DATA FOR REVIEW Start Marker

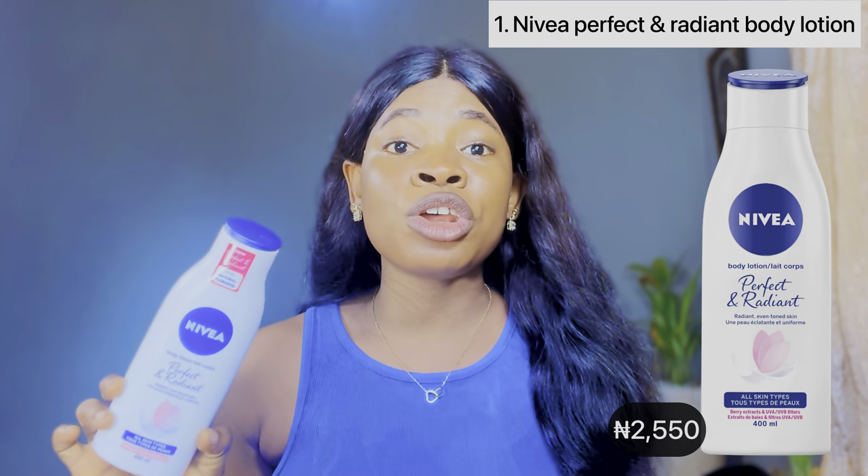The first best Nivea body lotion that will make your fair skin glow is the Nivea Perfect and Radiant body lotion. This is one of the best Nivea body lotions to use if you're a fair skin person. Nivea is one trusted skincare brand that has been around for ages, and all their body lotions are very nice. I have a detailed review video on this Nivea Perfect and Radiant body lotion on my channel, so you can go ahead and check that out.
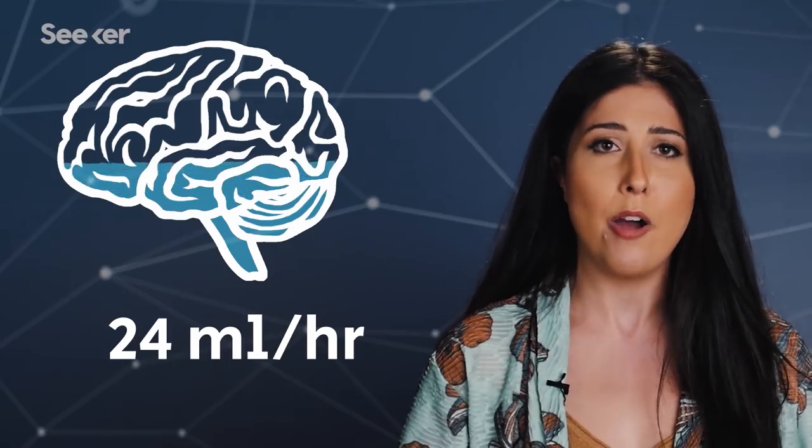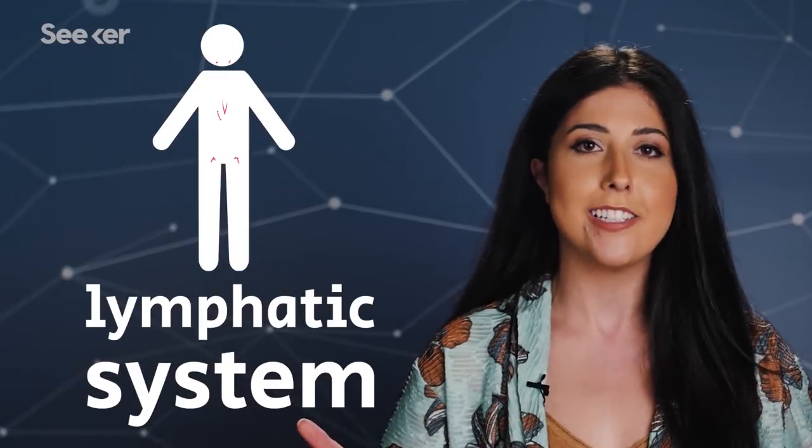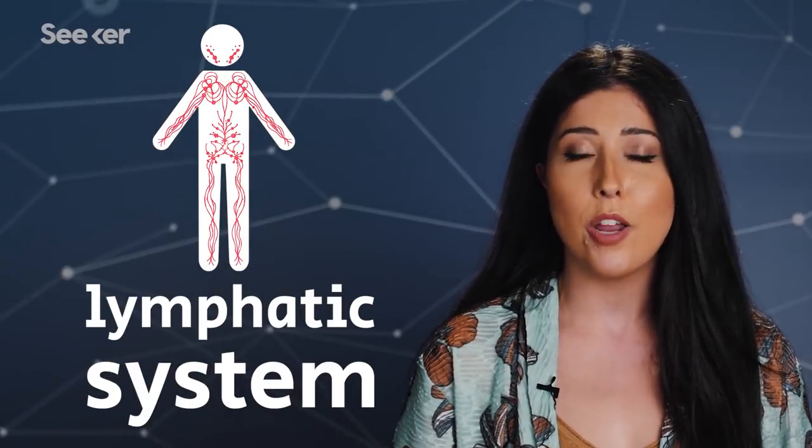Your brain is bathing in about half a cup of fluid, with up to 24 milliliters being made an hour. But your skull is pretty firm and doesn't expand, so where does all of this fluid go? Much like how buildings drain excess fluids through pipes that lead into a sewage system, our bodies also have a network of vessels moving fluids around — it's called the lymphatic system. While this network seems to run all throughout the body, it hadn't been observed much around the brain in humans until recently.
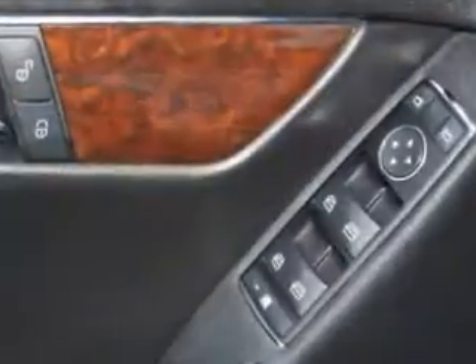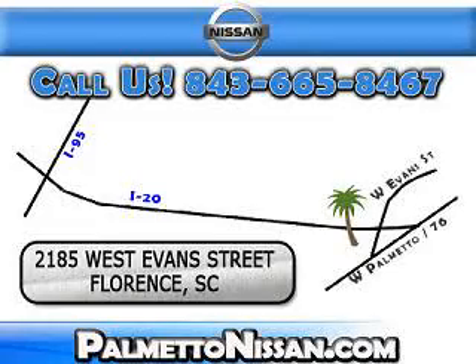Enjoy the drive and have peace of mind in this 2010 Mercedes-Benz 300. See us at Palmetto Nissan today. Just give us a call and we will be happy to answer vehicle questions, discuss financing or trade-ins. You can drive away today with a great vehicle from Palmetto Nissan.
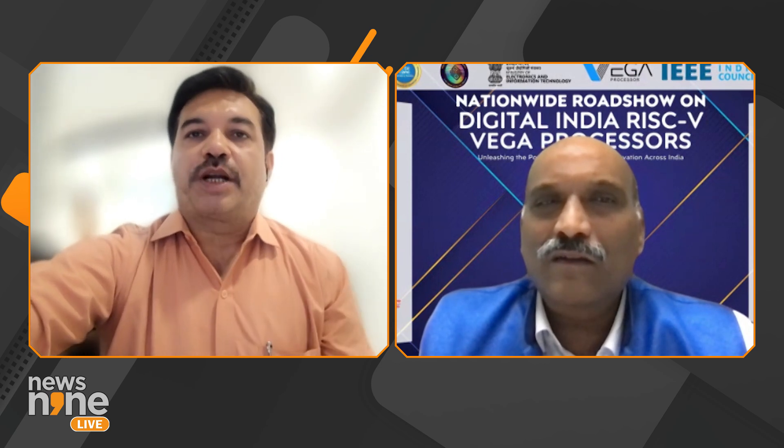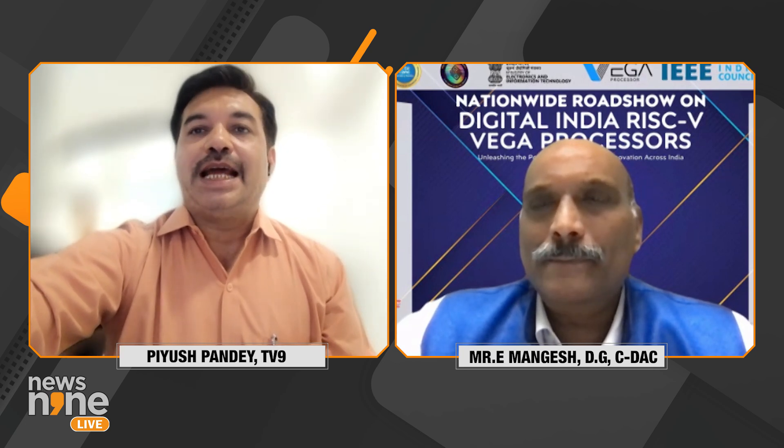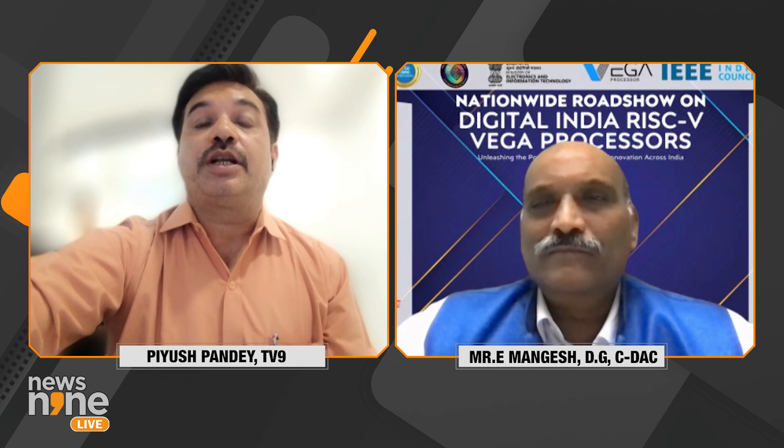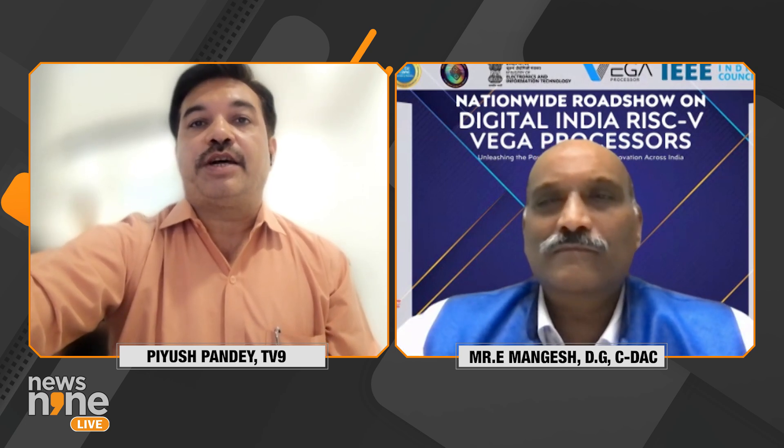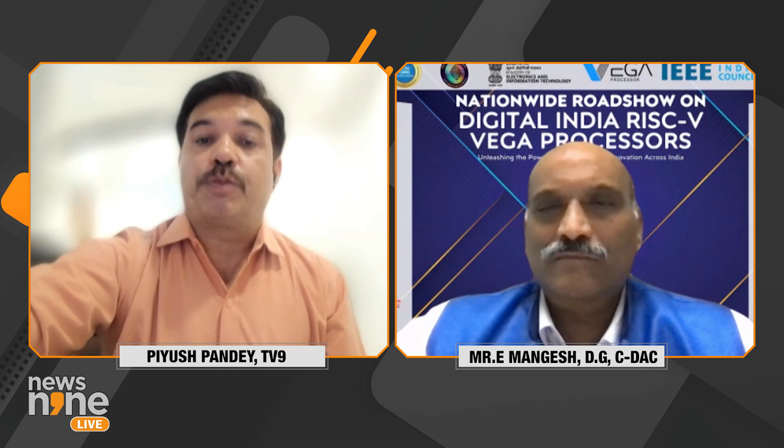India is moving towards developing supercomputers, and C-DAC has been given the responsibility for this. I am Hughes Pandey, and C-DAC Director General is with us, who will tell us by when India will get its indigenous supercomputers.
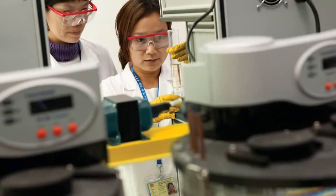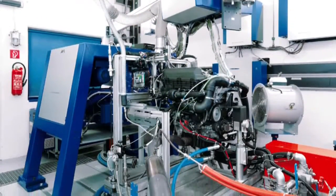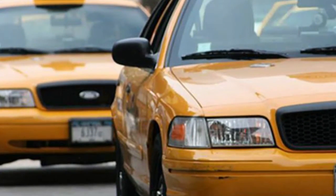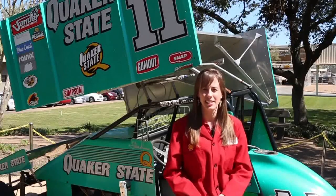After the formulation has passed the lab tests, we then move on to engine tests. After engine tests, we then move on to fleet trials. We have a New York City taxicab fleet, a taxicab fleet in Las Vegas, and a police car fleet in Houston, Texas.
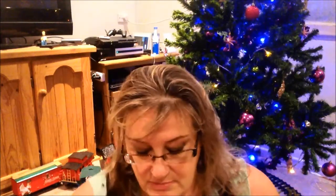Hi everyone. Vlogmas Day 19 and I went shopping today. I didn't vlog it because I just didn't feel like it. But I'll just show you what I picked up.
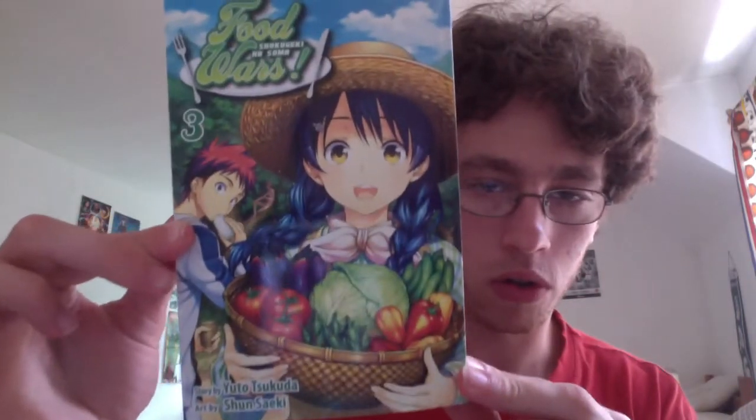Then the next volume I got was Food Wars Volume 3, or Shokugeki no Soma Volume 3. This is a really great series and I've been reading it — I am up to date on the manga but I guess behind when it comes to actually buying the volumes, so I decided to pick up a volume.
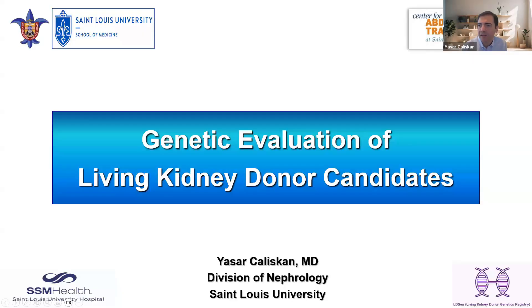Good morning everyone. Welcome back to Glomcon Transplant. Happy Sunday — we're very excited today. We have Dr. Kaliskan joining us today. It's a great honor and pleasure for me to present in this Glomcon seminar today. Thank you very much for this opportunity. The title of my presentation is Genetic Evaluation of Living Kidney Donor Candidates.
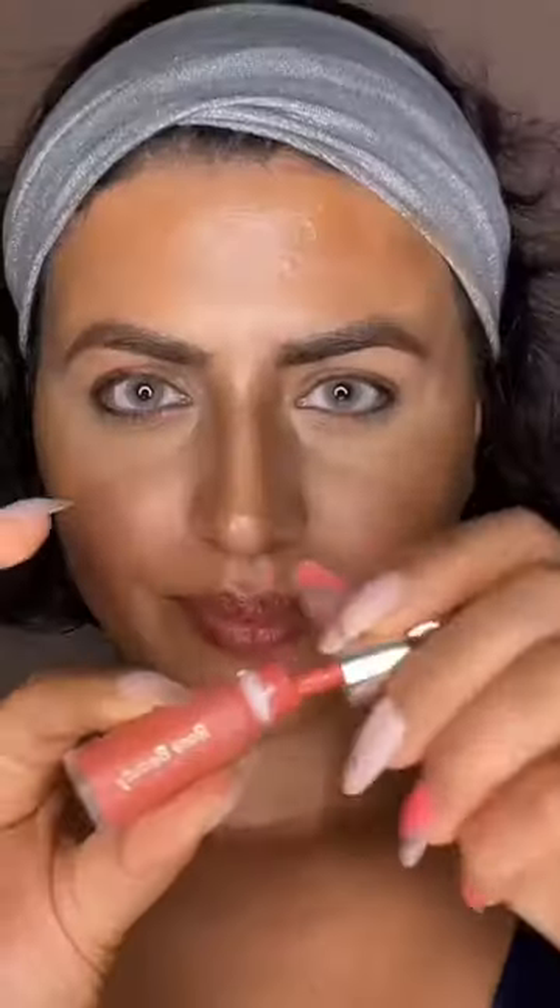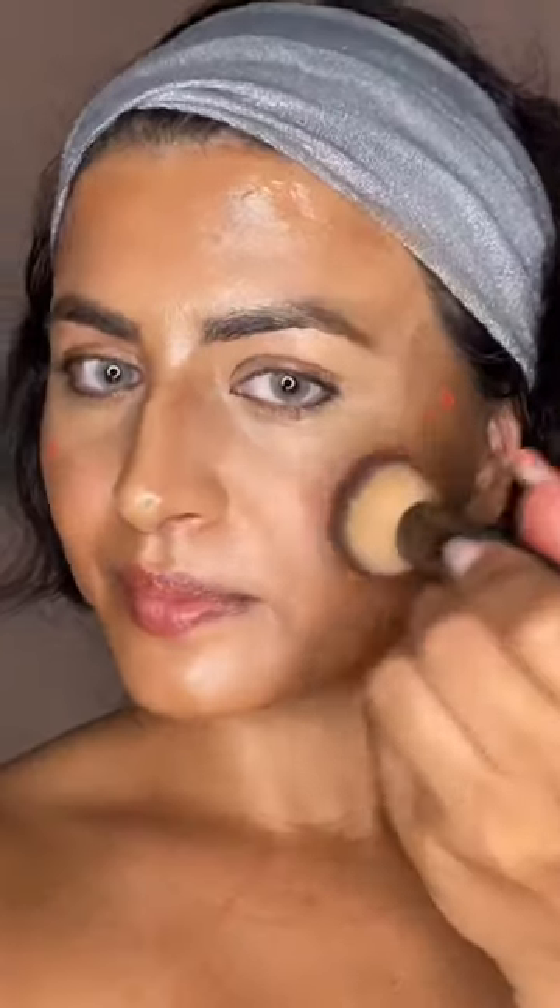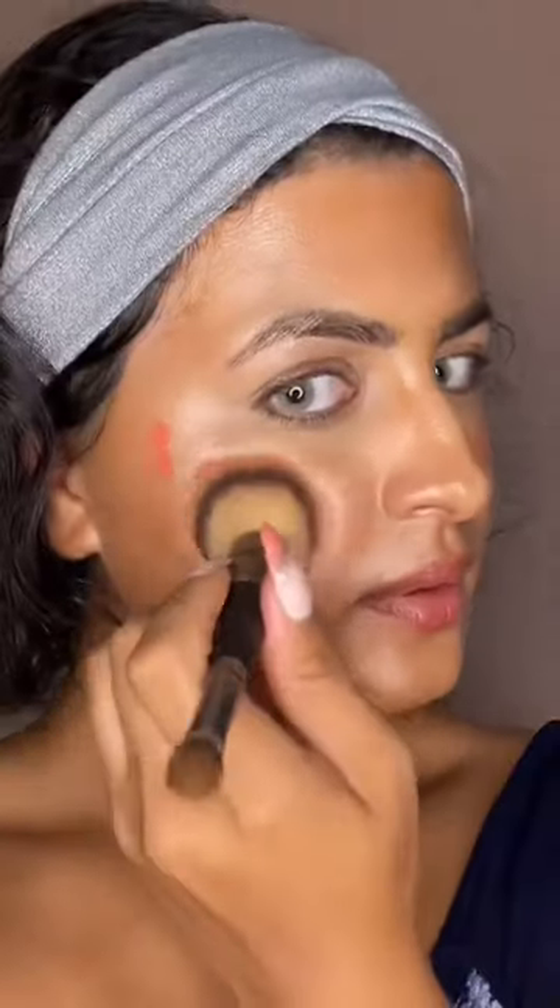I'm going to use the Rare Beauty blush, which I'm obsessed with this color in the summer. It looks perfect with my skin tone. Now I'm going to set my eyes with Charlotte Tilbury pressed powder.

DATA FOR REVIEW End Marker

[EXERCISE]: Please retype the entries above word for word, but only from the line containing "Then the next" through the last line, and without the pictures.

[YOUR RESPONSE]:
Then the next volume I got was Food Wars Volume 3, or Shokugeki no Soma Volume 3. This is a really great series and I've been reading it — I am up to date on the manga but I guess behind when it comes to actually buying the volumes, so I decided to pick up a volume.
Good morning everyone. Welcome back to Glomcon Transplant. Happy Sunday — we're very excited today. We have Dr. Kaliskan joining us today. It's a great honor and pleasure for me to present in this Glomcon seminar today. Thank you very much for this opportunity. The title of my presentation is Genetic Evaluation of Living Kidney Donor Candidates.
I'm going to use the Rare Beauty blush, which I'm obsessed with this color in the summer. It looks perfect with my skin tone. Now I'm going to set my eyes with Charlotte Tilbury pressed powder.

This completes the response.